We’re not gonna lie. It’s looking iffy.

When a goalie undergoes an equipment change the likes of the one Campbell is tinkering with mid-season, it’s not a positive sign.

Campbell is currently working in new leg pads that are light years more modern and stiffer than the flexible Vaughns he has used for most of his career, and upper body gear that is clearly bigger and more contemporary than what he has used to date.

Whether he uses the new gear in what we suspect will be a start in one of the Oilers back to back games on Dec. 30 and 31, or waits a while, a new kit in the middle of his first season in Edmonton is testimony to just how it’s gone for Campbell since signing a five-year, $25 million deal last summer.

Not well.

He’s started just 15 of 36 games and has an .876 saves percentage and a 4.02 goals against average. If not for the emergence of budding Rookie of the Year candidate Stuart Skinner, Edmonton would not be in any kind of playoff contention.

What happens at the deadline?

Edmonton needs a defender, and some help in their bottom six.

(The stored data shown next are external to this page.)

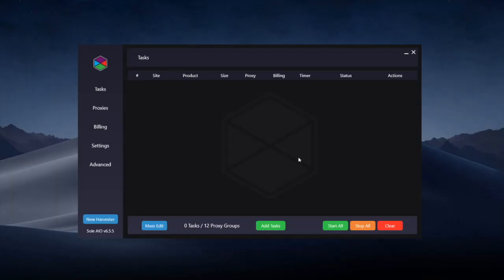In this video I'm going to show you how to run Hibbit mode within Sol for both the initial drop and restocks.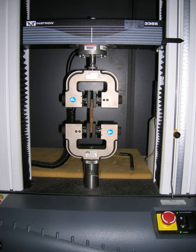Ultimate tensile strength is measured by the maximum stress that a material can withstand while being stretched or pulled before breaking.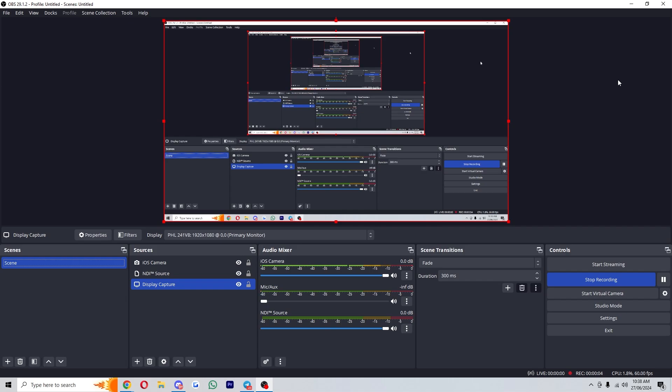In this video I'll be showing you how you can adjust or resize your screen size in OBS Studio. Now this is a very quick and simple thing to do and there's actually a few different ways in which we can adjust and resize our screen size, so in this video I'll be showing you all of the different ways.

They’ll find a defenceman who fans will think is nowhere near as sexy as Jakob Chychrun, but one who will take some hard minutes from Darnell Nurse and push Brett Kulak into a solid third-pairing role. And they’ll add a faceoff man of some description, two acquisitions meant to help keep pucks out of their own net rather than filling the opponent’s, something Edmonton is already adept at.

After that, there is not a single contentious signing on GM Ken Holland’s plate this summer. Evan Bouchard requires his second pro contract, but after that relatively easy bit of work, the only expiring deals belong to players like Ryan Murray and Mattias Janmark, Devin Shore and Derek Ryan.

Jesse Puljujarvi’s contract is also up, but if he isn’t dealt at the deadline to facilitate a deal he will not be qualified at $3 million, set free to find a new team and a fresh opportunity elsewhere in the National Hockey League.